Exercise objective: Every record below needs to be retyped exactly as it appears.
**** Records for this exercise ****
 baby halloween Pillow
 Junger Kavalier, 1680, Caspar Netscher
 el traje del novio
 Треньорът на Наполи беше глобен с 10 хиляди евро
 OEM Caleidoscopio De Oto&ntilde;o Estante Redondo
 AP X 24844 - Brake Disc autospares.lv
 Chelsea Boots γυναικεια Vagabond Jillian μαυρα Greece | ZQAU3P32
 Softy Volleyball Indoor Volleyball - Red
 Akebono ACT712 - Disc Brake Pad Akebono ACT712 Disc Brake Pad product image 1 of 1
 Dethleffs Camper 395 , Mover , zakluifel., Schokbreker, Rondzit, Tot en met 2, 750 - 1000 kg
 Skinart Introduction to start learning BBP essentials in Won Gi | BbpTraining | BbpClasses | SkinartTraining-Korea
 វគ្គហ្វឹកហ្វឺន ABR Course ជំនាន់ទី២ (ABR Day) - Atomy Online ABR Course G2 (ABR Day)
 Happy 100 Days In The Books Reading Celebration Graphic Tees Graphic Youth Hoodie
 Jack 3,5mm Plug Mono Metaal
****
Task output:
 baby halloween Pillow
 Junger Kavalier, 1680, Caspar Netscher
 el traje del novio
 Треньорът на Наполи беше глобен с 10 хиляди евро
 OEM Caleidoscopio De Oto&ntilde;o Estante Redondo
 AP X 24844 - Brake Disc autospares.lv
 Chelsea Boots γυναικεια Vagabond Jillian μαυρα Greece | ZQAU3P32
 Softy Volleyball Indoor Volleyball - Red
 Akebono ACT712 - Disc Brake Pad Akebono ACT712 Disc Brake Pad product image 1 of 1
 Dethleffs Camper 395 , Mover , zakluifel., Schokbreker, Rondzit, Tot en met 2, 750 - 1000 kg
 Skinart Introduction to start learning BBP essentials in Won Gi | BbpTraining | BbpClasses | SkinartTraining-Korea
 វគ្គហ្វឹកហ្វឺន ABR Course ជំនាន់ទី២ (ABR Day) - Atomy Online ABR Course G2 (ABR Day)
 Happy 100 Days In The Books Reading Celebration Graphic Tees Graphic Youth Hoodie
 Jack 3,5mm Plug Mono Metaal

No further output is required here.